MATERIAL FOR THE TASK
+-------+
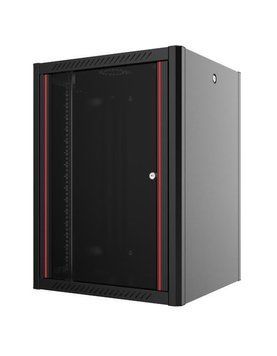 Шафа 19", 9U, WTN, 600x450 мм, максимально 100 кг, сірий MIRSAN RC_MR.WTN09U45DE.02 фото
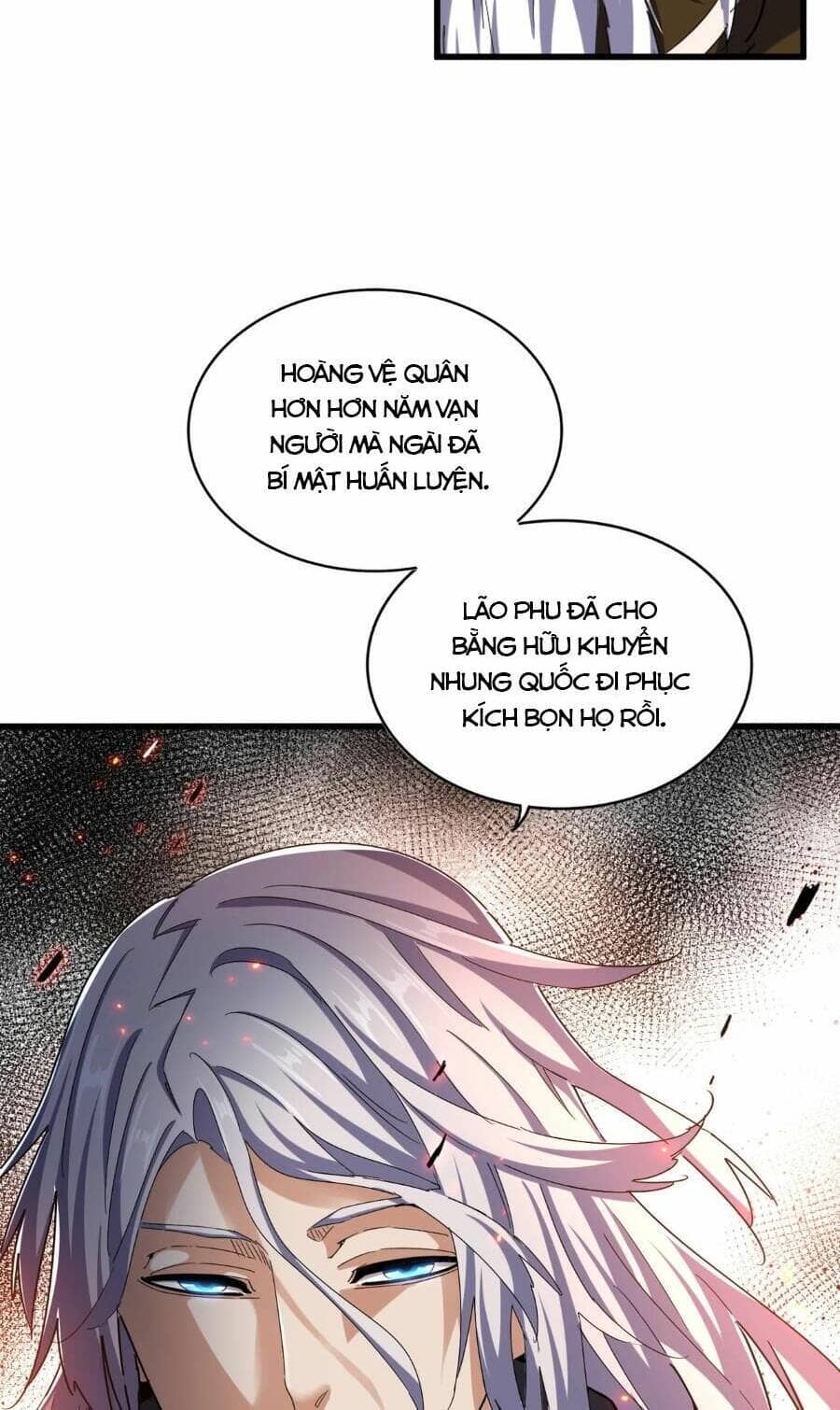 Đại Quản Gia Là Ma Hoàng - Chương 490 - ảnh 46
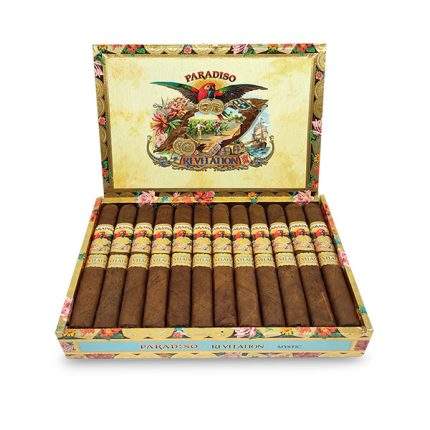 帕拉迪索 启示神秘 雪茄, Paradiso Revelation Mystic cigar, 启示神秘雪茄, Paradiso Revelation Mystic, 帕拉迪索雪茄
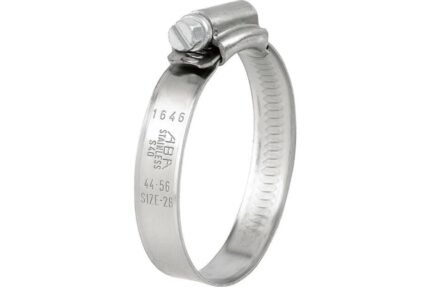 NORMA hose clamp ABA Original 175-205/12mm V2A C7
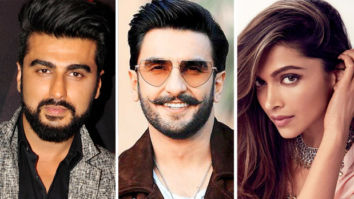 Arjun Kapoor gets Ranveer Singh to reveal how Deepika Padukone has changed him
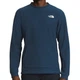 Кофта чоловіча The North Face Men's Textured Cap Rock Crew S Темно-синій NF0A7UJDHDC - зображення 1
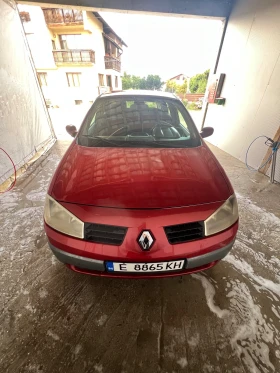  Renault Megane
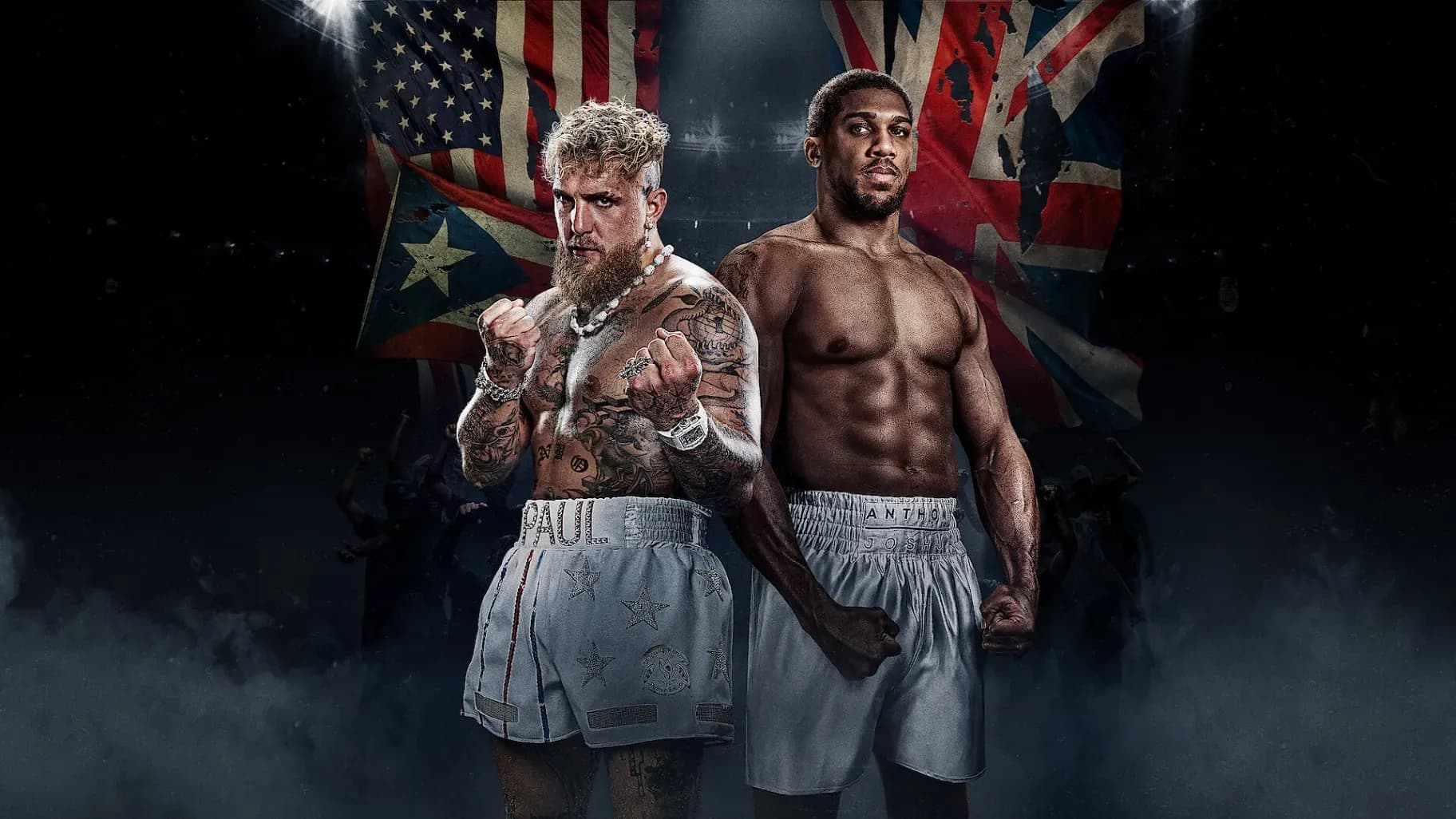 Joshua Sets Up December Showdown With Jake Paul in Miami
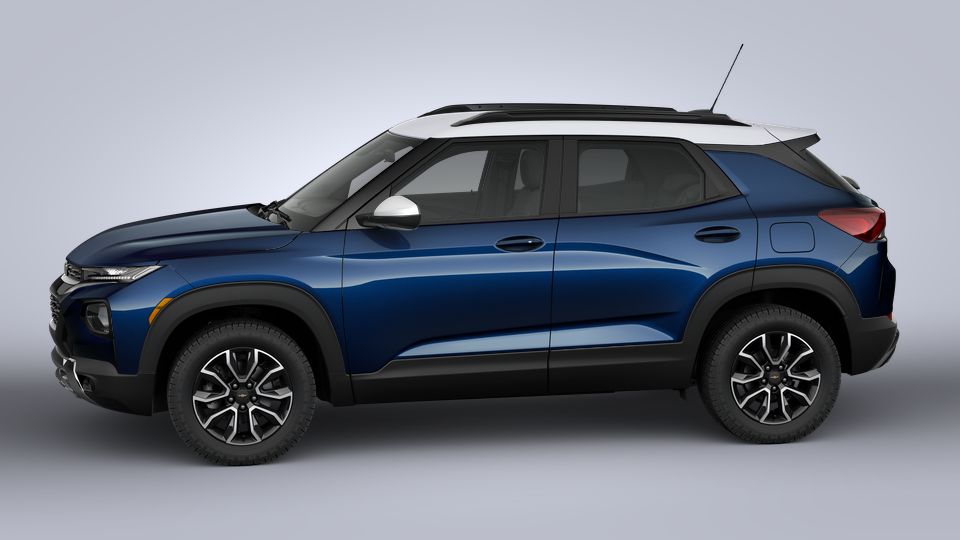 2022 Chevrolet Trailblazer Vehicle Photo in POOLER, GA 31322-3252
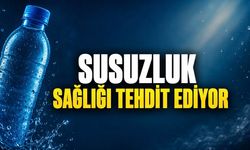 Susuzluk Sadece Ağız Kuruluğuyla Anlaşılmıyor: Vücut Bu Sinyalleri Veriyor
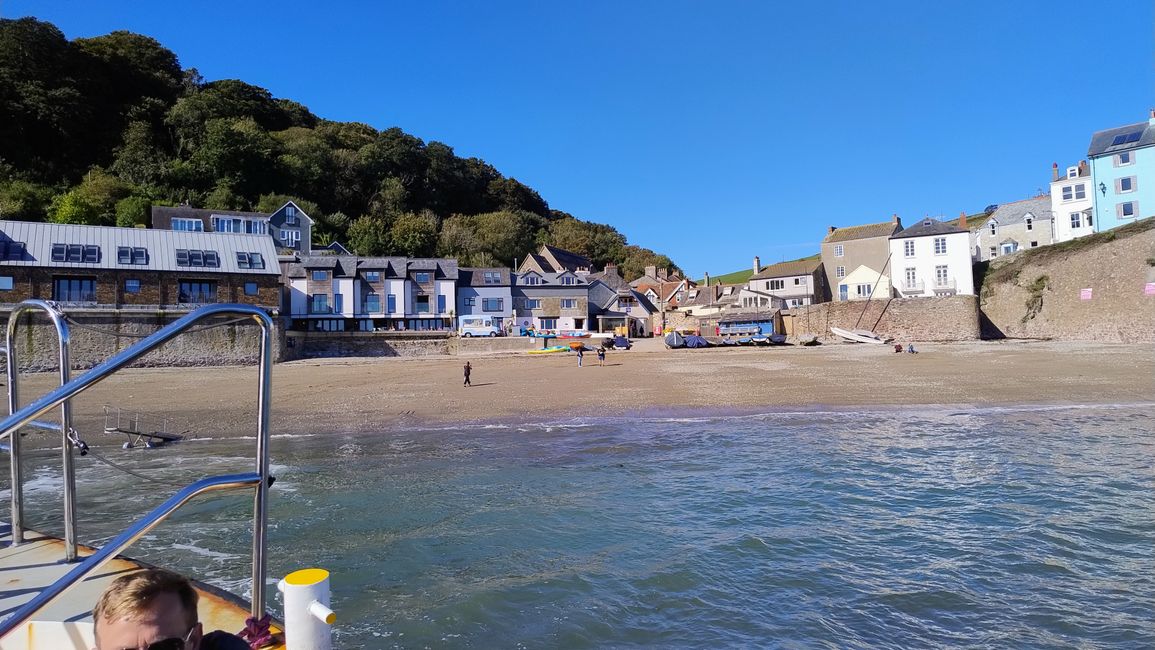 Ferry Cawsand - Plymouth 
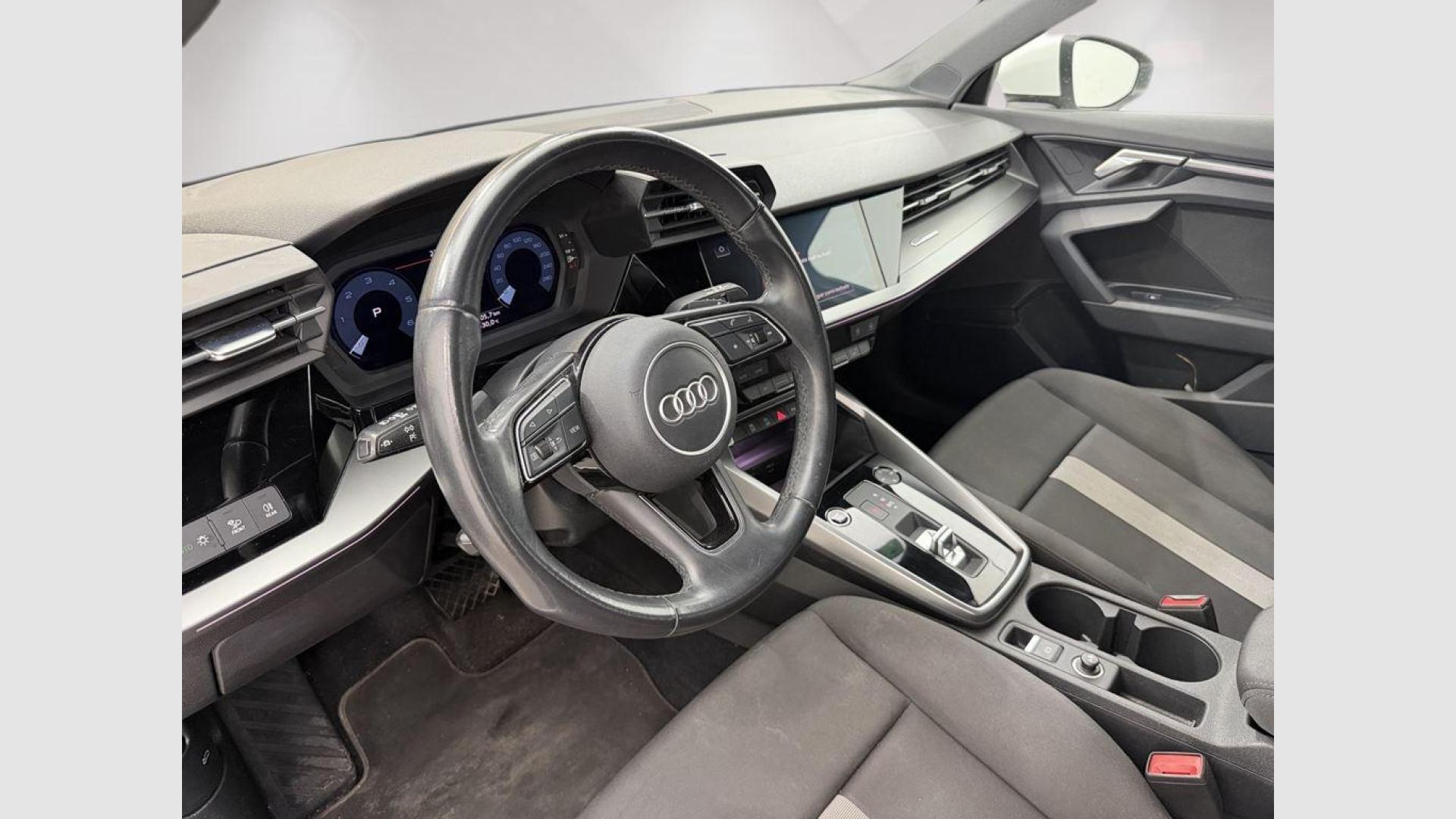 Audi A3 Sportback Advanced 30 TDI 85 kW (116 CV) S tronic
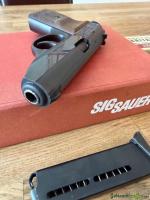 SIG-Sauer P230 9x18mm Police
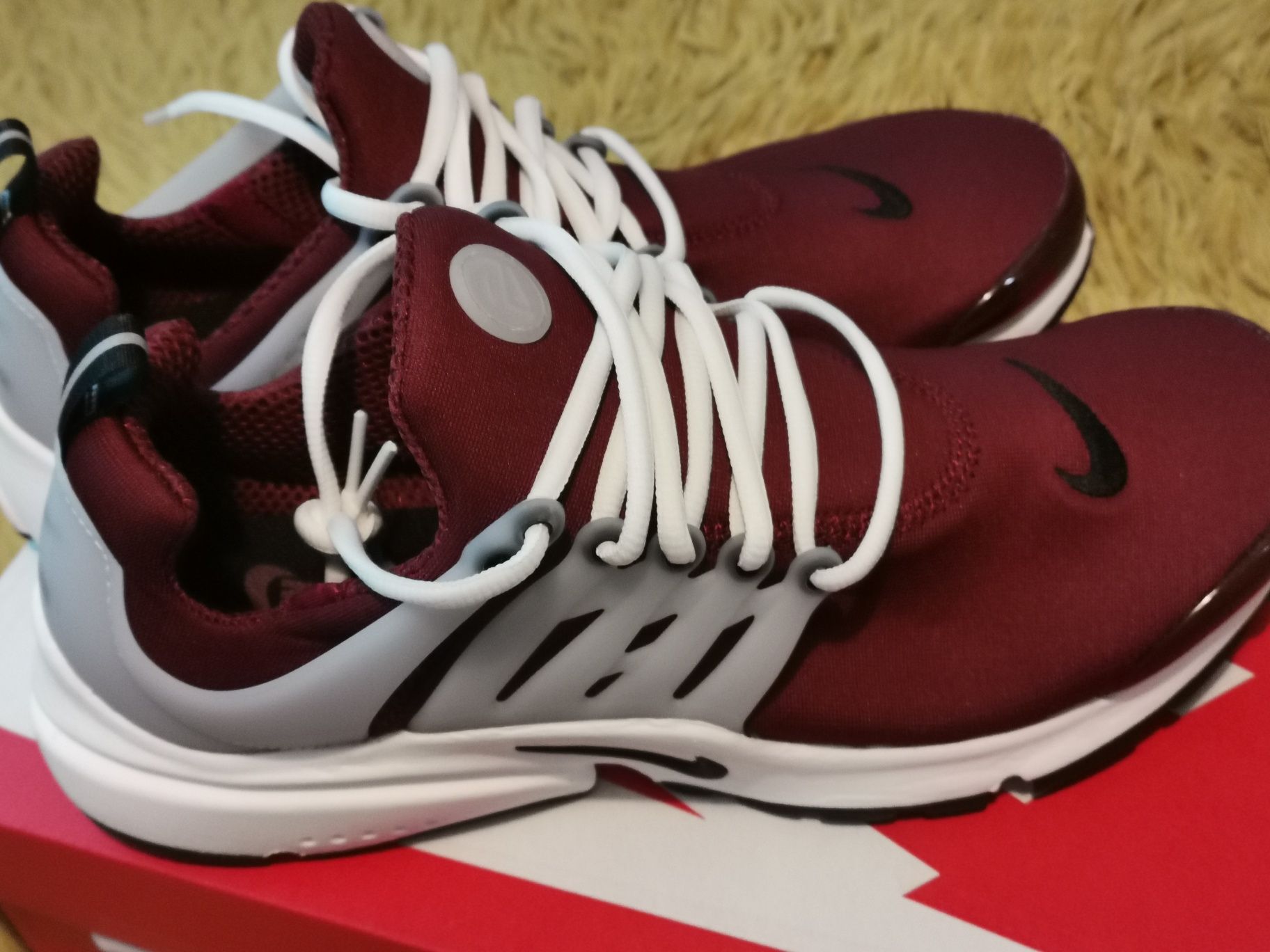 NIKE AIR presto męskie
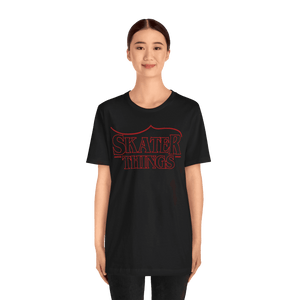 Skater Things T-Shirt - Adults Skate Too LLC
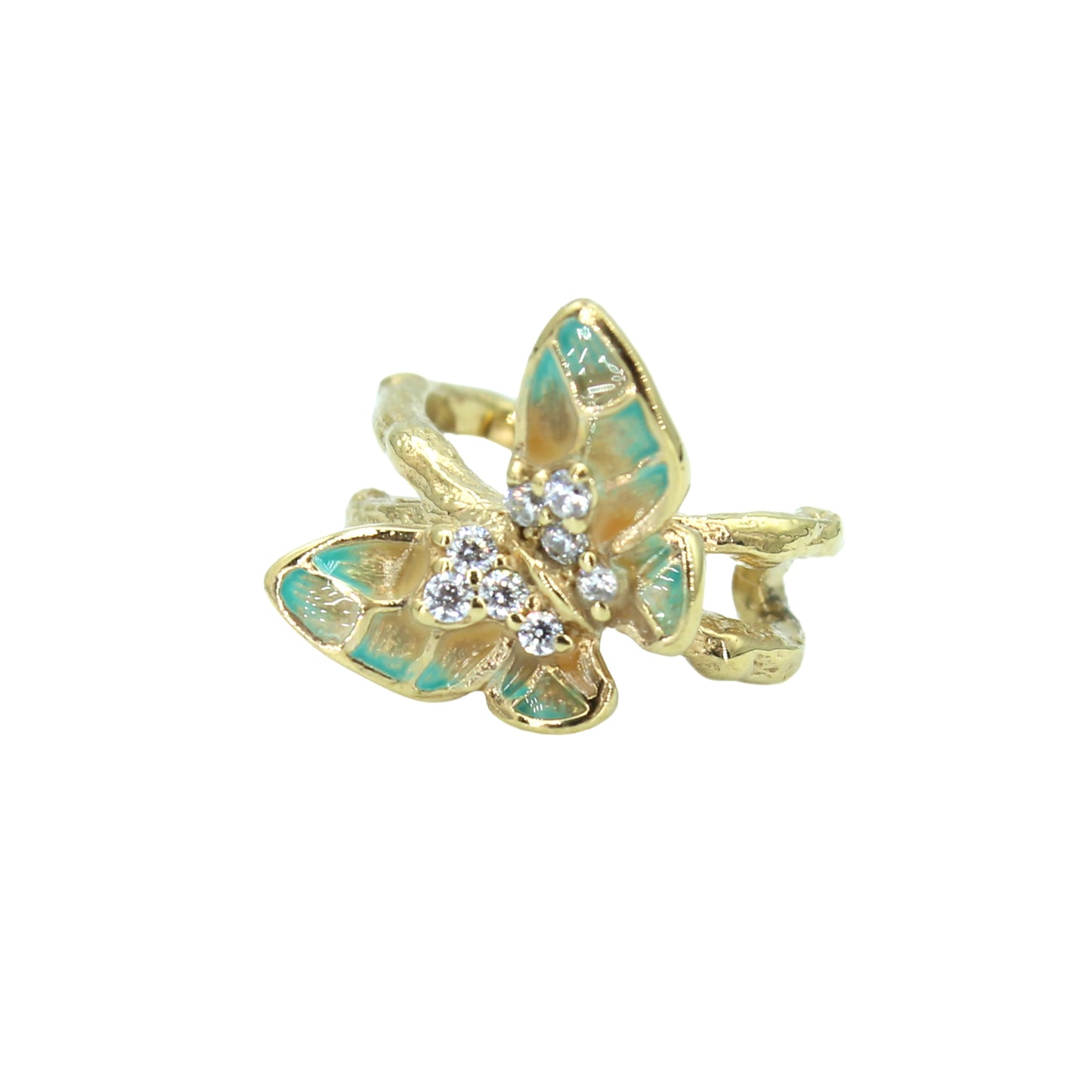 Butterfly Effect Cuff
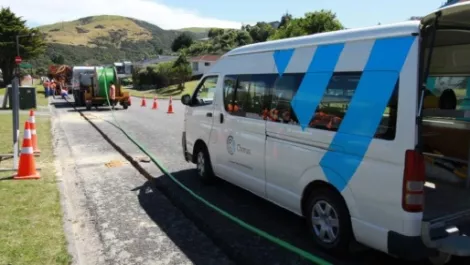 Chorus lifts broadband connections as fixed lines edge down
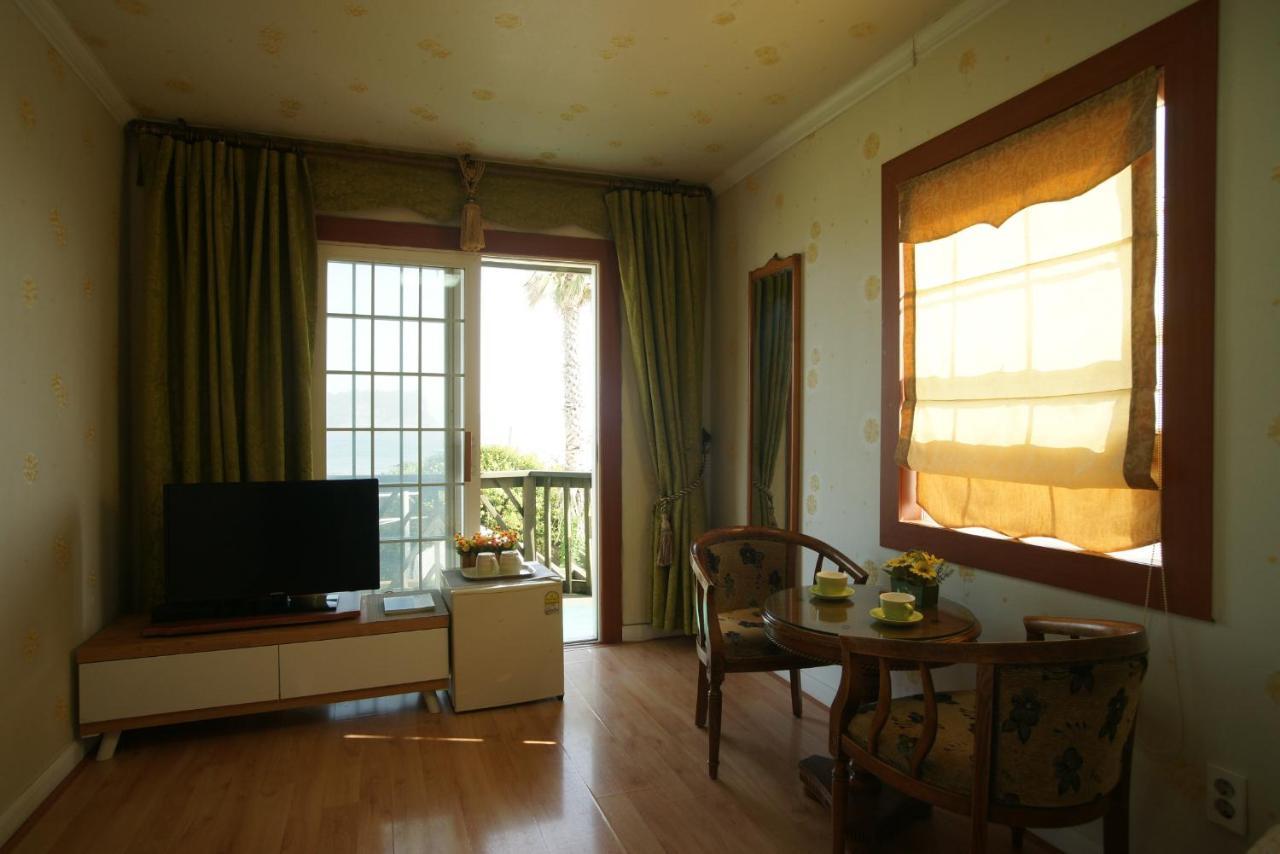Villa Eurohouse Seogwipo Exterior foto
+-------+
DESCRIPTION OF THE TASK
Word for word, output the lines from the line bearing "Ferry Cawsand - Plymouth" through the end of the records above, and only those, without the pictures.

SOLVED EXERCISE
 Ferry Cawsand - Plymouth 
 Audi A3 Sportback Advanced 30 TDI 85 kW (116 CV) S tronic
 SIG-Sauer P230 9x18mm Police
 NIKE AIR presto męskie
 Skater Things T-Shirt - Adults Skate Too LLC
 Butterfly Effect Cuff
 Chorus lifts broadband connections as fixed lines edge down
Villa Eurohouse Seogwipo Exterior foto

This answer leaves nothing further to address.